Седакова: Да, если ей от души следуют. У меня были счастливейшие университетские годы; многие из упоминаемых нами сегодня в разговоре людей читали тогда лекции в МГУ, не будучи формально в штате. Аверинцев читал "Ранневизантийскую эстетику", Мамардашвили - курсы по философии XX века, Пятигорский - двухгодичный курс по индийской мысли. Моими учителями в строгом смысле (то есть теми, у кого я писала курсовые и диплом) были великий фонетист и исследователь поэтики Михаил Викторович Панов и академик Никита Ильич Толстой, учивший нас славянским древностям. Это было удивительное время для университета, но очень короткое. Все эти факультативные курсы скоро запретили. И отношения профессоров со студентами были удивительными. Никита Ильич Толстой (он был реэмигрантом, его семья вернулась, когда он окончил гимназию в Белграде) так же, как и его отец Илья Ильич Толстой, преподававший в Белградском университете, и как русские профессора в старые времена, любимых студентов делал домашними людьми. Нас приглашали на семейные обеды, мы брали книги из домашней библиотеки... И у других профессоров любимые студенты становились друзьями дома.

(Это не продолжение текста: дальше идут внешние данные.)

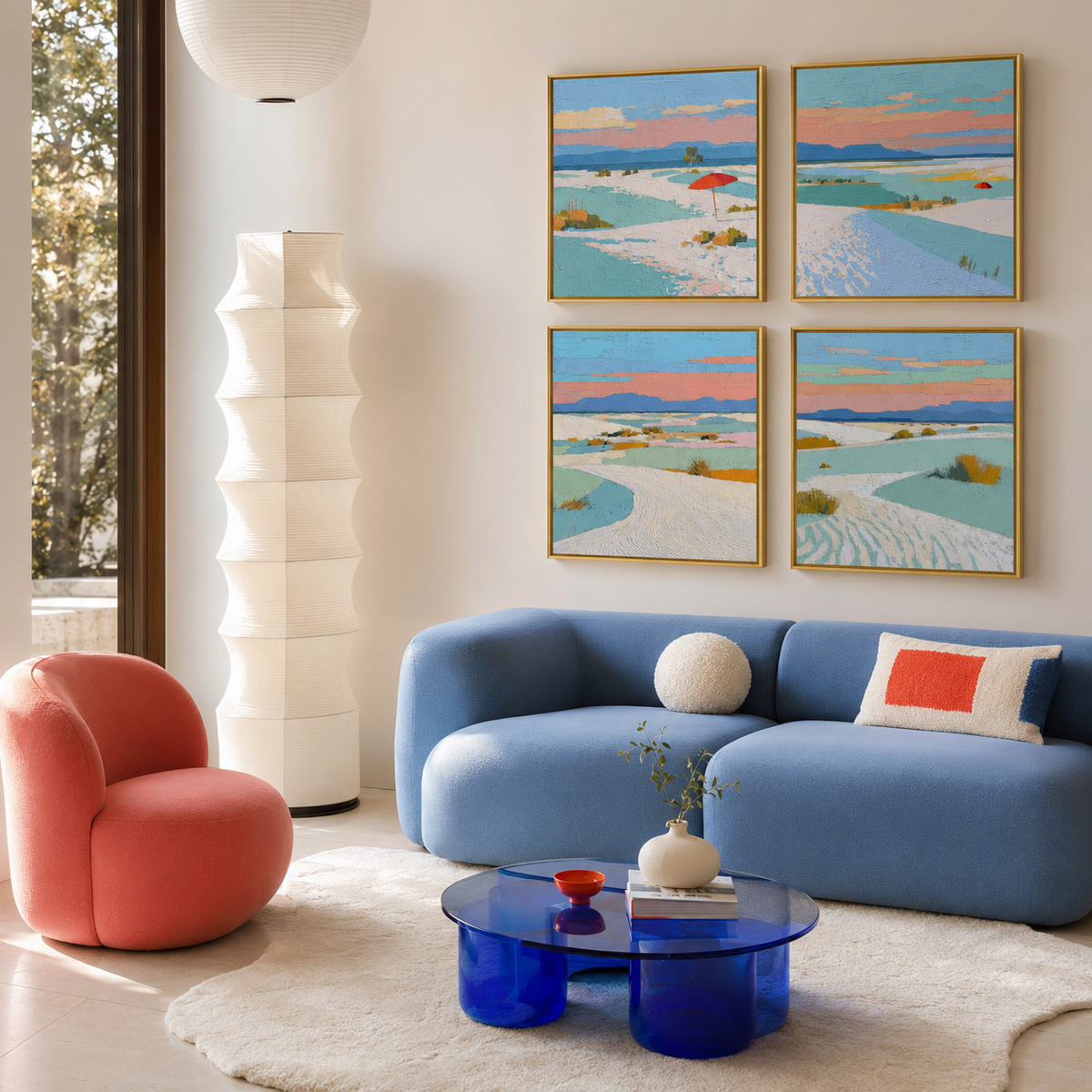 White Sands wall art set in bedroom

А Владимир Бибихин был очень близким моим другом. Мы дружили семьями, я крестная трех его сыновей. Он умер, не напечатав пятой части своих уже готовых, завершенных трудов, - это не считая бесконечных дневников, писем, отдельных статей. Слава богу, его героическая вдова Ольга Евгеньевна Лебедева каждый год издает по две-три книги в разных издательствах. И потихоньку его наследство выходит на свет. Когда вся эта громада предстанет читателю, его уже нельзя будет обойти.

Два года назад я была приглашена в философское жюри - решалась судьба премии, созданной по аналогии с "Большой книгой": Большая книга по философии. Вопреки всем вероятностям ее присудили бибихинской книге о Витгенштейне (в вечер накануне смерти он вносил в нее правку). Первое, что мне сказала Ольга, узнав о премии: "Теперь я смогу купить стиральный порошок".

Если бы не Наталья Дмитриевна Солженицына, определившая детям Бибихина пенсию от Фонда Солженицына, я не знаю, как бы они жили.

О собеседнике

Ольга Седакова. русский поэт, прозаик, переводчик, филолог, родилась в семье военного инженера. В 1973-М окончила славянское отделение филологического факультета МГУ, в 1983 - аспирантуру Института славяноведения и балканистики АН СССР. Участвовала в международных конференциях в России и за рубежом, выступала с лекциями в университетах Европы и США, участвовала в международных поэтических фестивалях в Италии, Великобритании, Белоруссии, Нидерландах, ФРГ.

До 1989 года в СССР как поэт не публиковалась, первая книга стихов вышла в Париже в 1986-М. Печатала переводы из европейской литературы, философии, богословия, статьи о творчестве Пушкина, Некрасова, поэтике

В. Хлебникова, Б. Пастернака, А. Ахматовой, О. Мандельштама, М. Цветаевой, П. Целана, мемуарные заметки о Венедикте Ерофееве, Леониде Губанове, Викторе Кривулине, Иосифе Бродском, Сергее Аверинцеве, Владимире Бибихине, Михаиле Гаспарове, Геннадии Айги.